Returns the current `graph.enabled` value.

### `graph.status()`

```sql
graph.status()
RETURNS TABLE (
  node_count int,
  edge_count int,
  memory_used_mb double precision,
  memory_limit_mb int,
  sync_mode text,
  sync_status text,
  last_build timestamptz,
  last_vacuum timestamptz,
  edge_types text[],
  edge_buffer_used int,
  has_unidirectional_edges boolean,
  schema_status text,
  sync_lag bigint,
  pending_edge_deltas int,
  needs_vacuum boolean,
  needs_rebuild boolean,
  applied_sync_id bigint,
  pending_sync_rows bigint,
  invalid_reason text,
  disabled_trigger_count int,
  read_only boolean,
  read_only_reason text
)
```

Reports backend-local engine state and current catalog/sync validity. When
`read_only` is true, `read_only_reason` is `memory_limit`,
`edge_buffer_full`, or another typed reason.

### `graph.sync_health()`

```sql
graph.sync_health()
RETURNS TABLE (
  sync_mode text,
  query_freshness text,
  sync_batch_size int,
  applied_sync_id bigint,
  max_sync_log_id bigint,
  pending_sync_rows bigint,
  disabled_trigger_count int,
  edge_buffer_used int,
  edge_buffer_size int,
  needs_vacuum boolean,
  needs_rebuild boolean,
  read_only boolean,
  read_only_reason text,
  apply_sync_recommended boolean,
  maintenance_recommended boolean
)
```

Reports the sync and compaction signals most useful to schedulers and external
monitors.
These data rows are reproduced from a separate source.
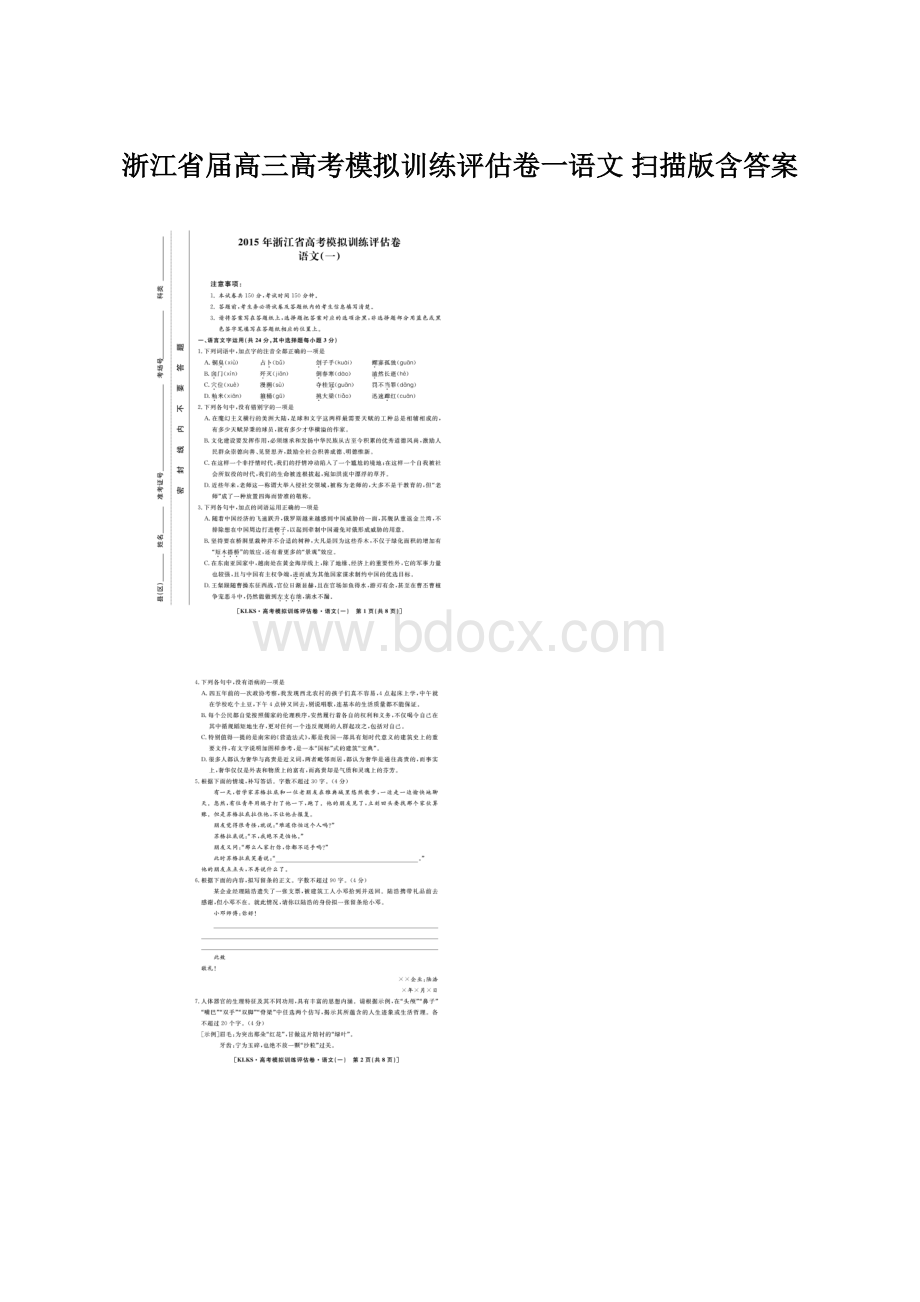 浙江省届高三高考模拟训练评估卷一语文 扫描版含答案Word文档下载推荐.docx_第1页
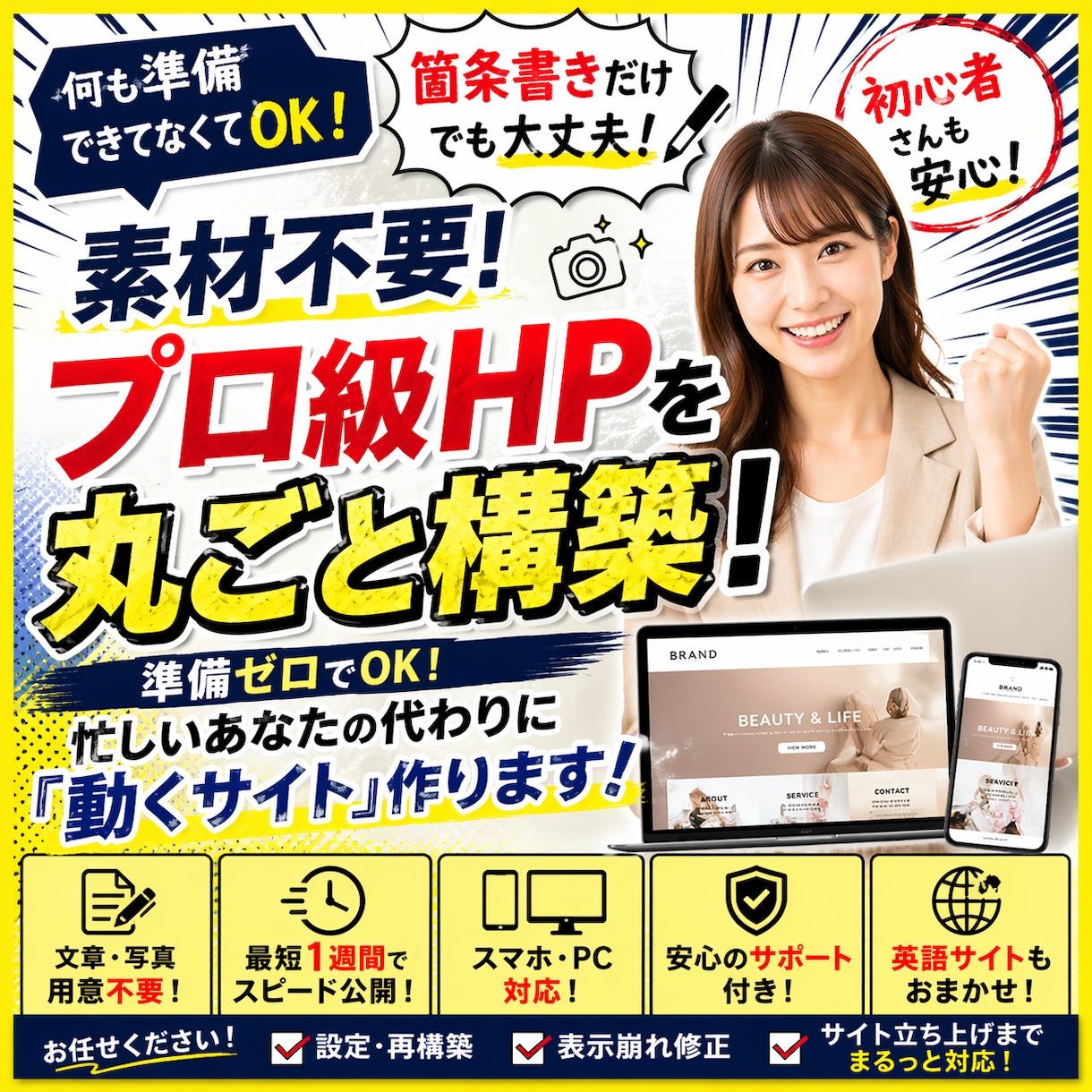 素材不要！箇条書きからプロ級HPを丸ごと構築します 準備ゼロでOK！忙しいあなたの代わりに「動くサイト」作ります イメージ1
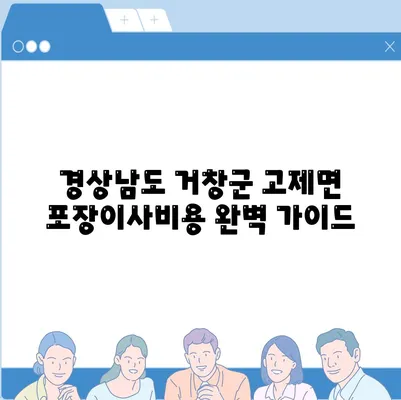 경상남도 거창군 고제면 포장이사비용 | 견적 | 원룸 | 투룸 | 1톤트럭 | 비교 | 월세 | 아파트 | 2024 후기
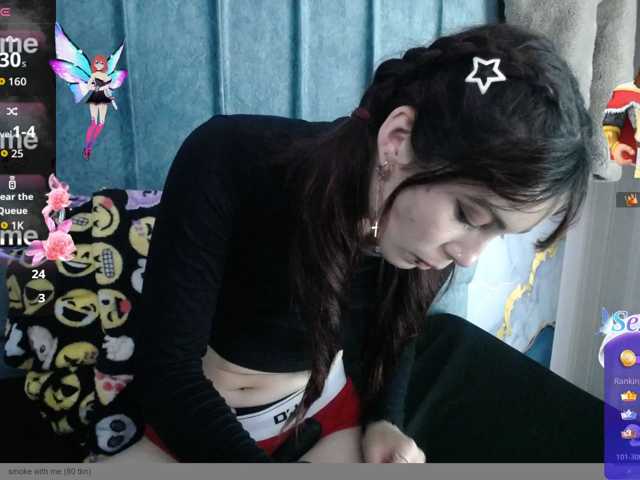 -yuyi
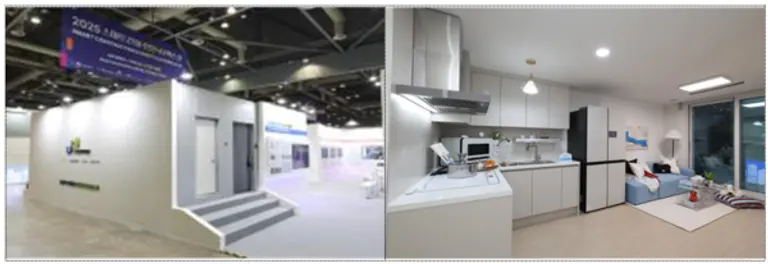 국토교통부와 한국토지주택공사가 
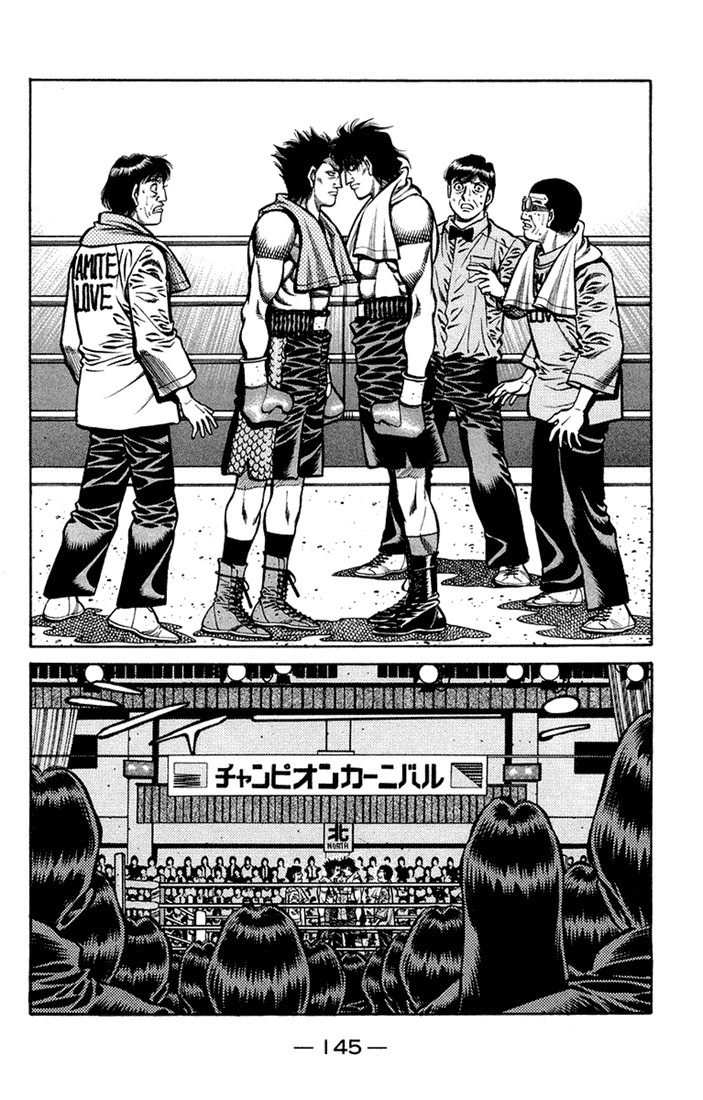 Hajime no Ippo Chapter 677 15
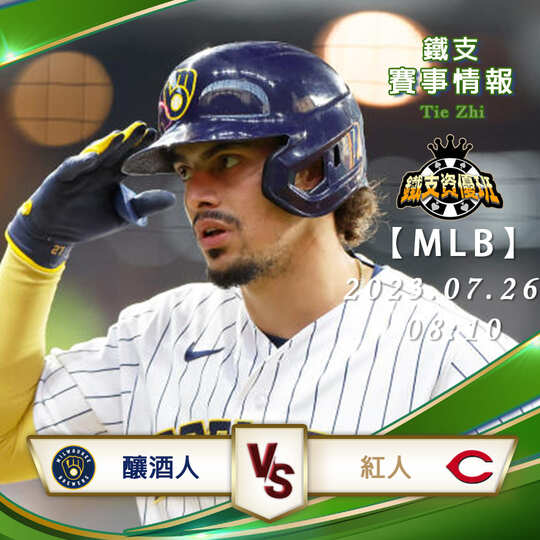 07/26【MLB】釀酒人vs紅人 美國職棒大聯盟 賽事分析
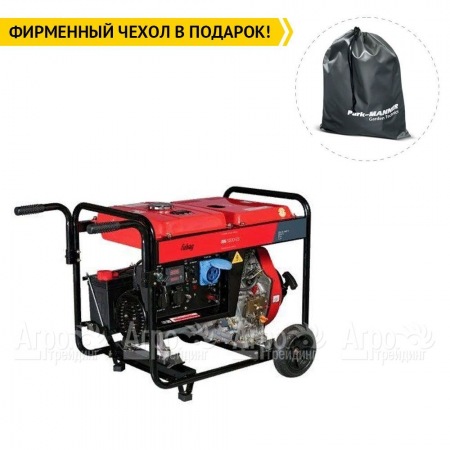 Дизельгенератор Fubag DS 5500 ES 5 кВт в Новосибирске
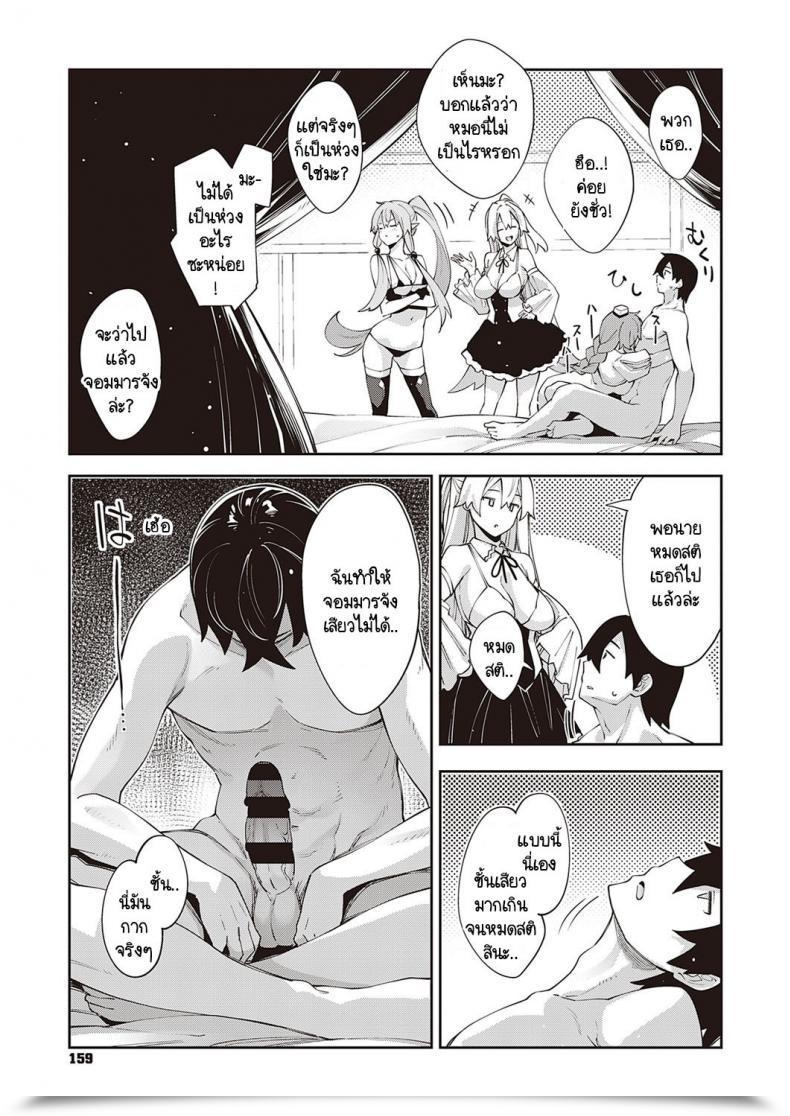 Doujin Akino Sora I Got Here To A Different World, So I Feel I Am Gonna Take Pleasure In My Intercourse Abilities To The Fullest Vol. 5 โดจินแปลไทย 65
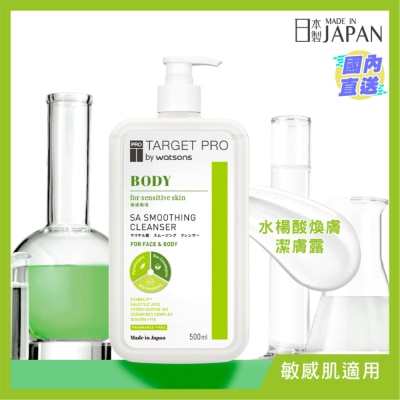 TARGET PRO BY WATSONS 水楊酸煥膚潔膚露500毫升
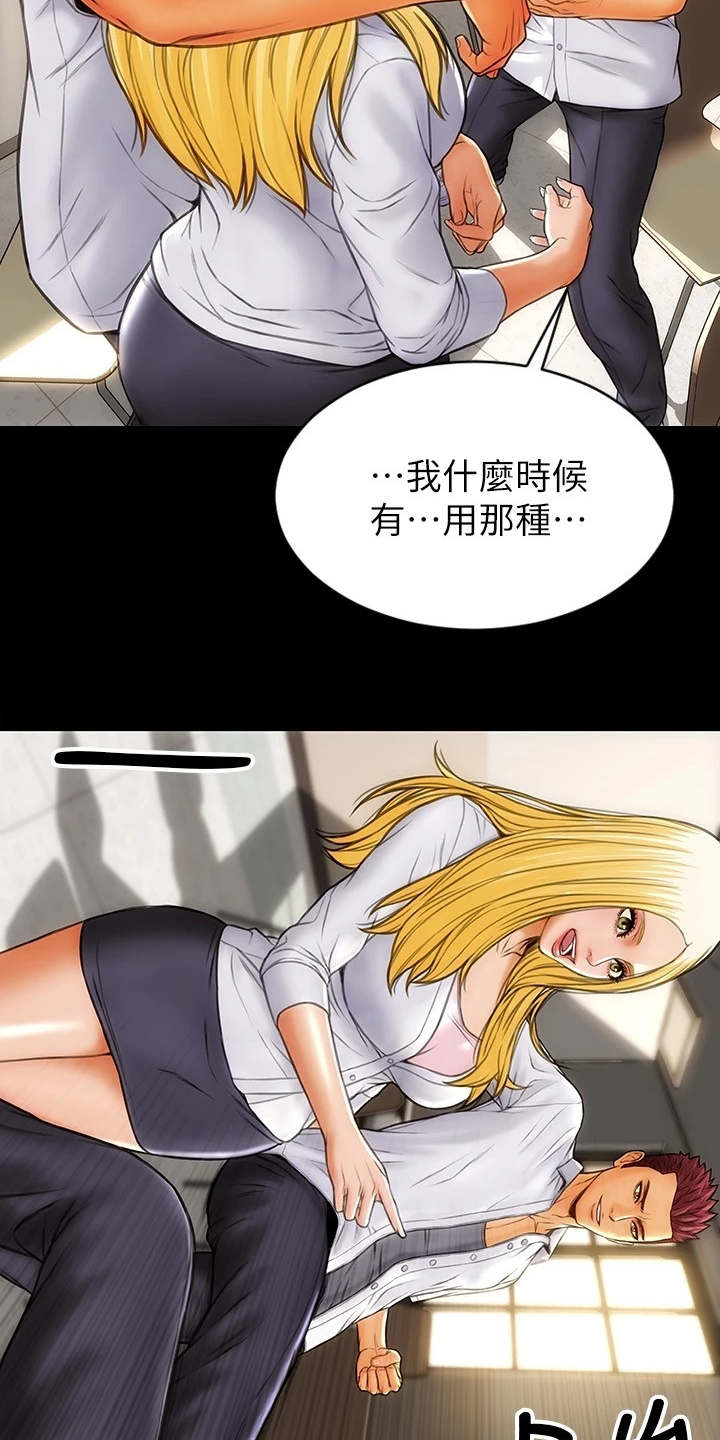 复仇之路漫画,第3章：加害者4图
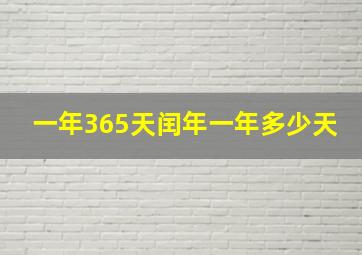 一年365天闰年一年多少天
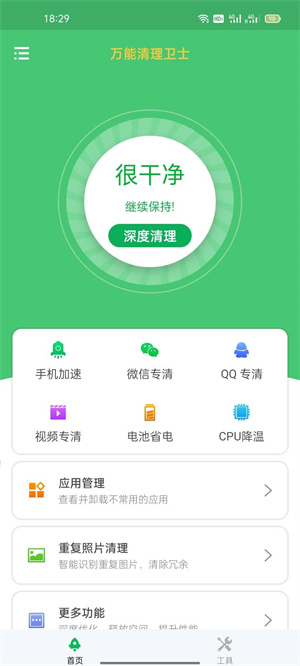 万能清理卫士的图册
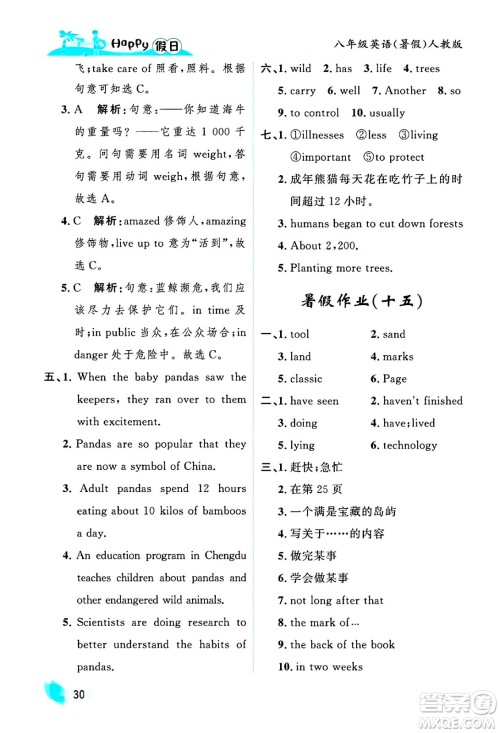 黑龙江少年儿童出版社2025年Happy假日暑假八年级英语全册人教版答案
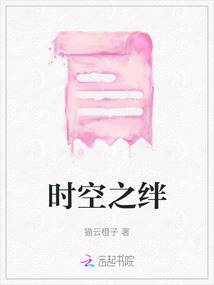 時空之絆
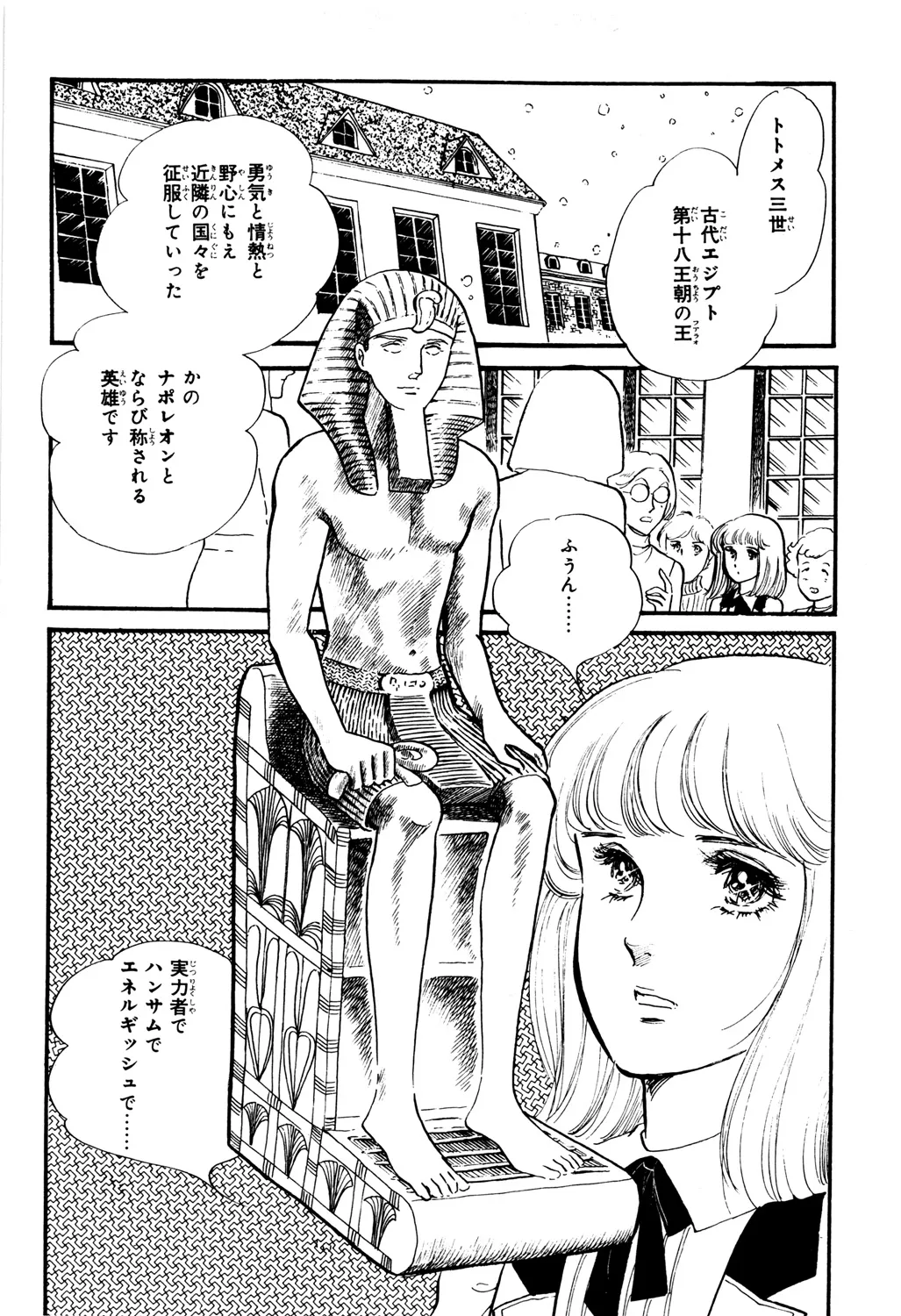 P64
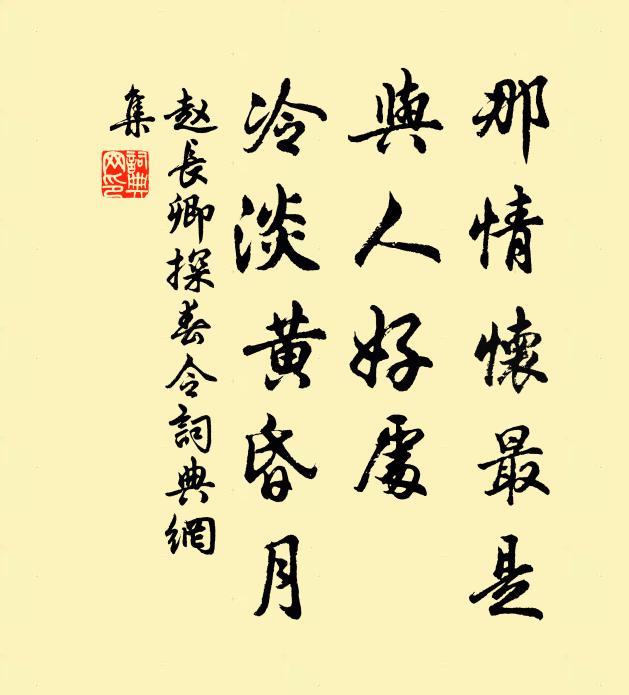 赵长卿那情怀最是，与人好处，冷淡黄昏月书法作品欣赏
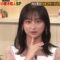 240516 Tanoshiku Manabu! Sekai Douga News – ex-Hinatazaka46 Kageyama Yuuka – HD.mp4-00001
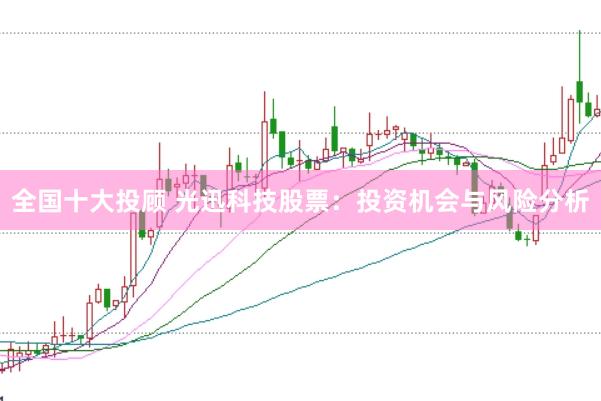 全国十大投顾 光迅科技股票:投资机会与风险分析
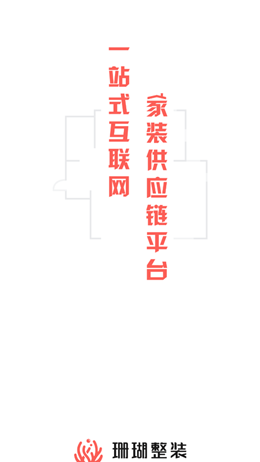 珊瑚整装app-插图2 珊瑚整装app-插图2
Use `apply_sync_recommended` to decide when a lightweight replay is
useful for a writable backend-local engine, and `maintenance_recommended` to
decide when overlay/read-only/rebuild state should be folded back into the base
graph.

### `graph.reset()`

```sql
graph.reset() RETURNS void
```

Admin-only. Clears the backend-local engine and removes persisted graph files.

## Registration

### `graph.add_table()`

```sql
graph.add_table(
  table_name regclass,
  id_column text,
  columns text[] DEFAULT NULL,
  tenant_column text DEFAULT NULL
) RETURNS void
```

```sql
graph.add_table(
  table_name regclass,
  id_columns text[],
  columns text[] DEFAULT NULL,
  tenant_column text DEFAULT NULL
) RETURNS void
```

Admin-only. Registers a source table as graph nodes. The identifier columns must
match a primary key or unique `NOT NULL` index.

### `graph.add_edge()`

```sql
graph.add_edge(
  from_table regclass,
  from_column text,
  to_table regclass,
  to_column text,
  label text,
  bidirectional boolean DEFAULT true,
  weight_column text DEFAULT NULL,
  label_column text DEFAULT NULL
) RETURNS void
```

Admin-only. Registers a relationship. `weight_column` must be numeric.
`label_column`, when supplied, provides per-row dynamic edge labels.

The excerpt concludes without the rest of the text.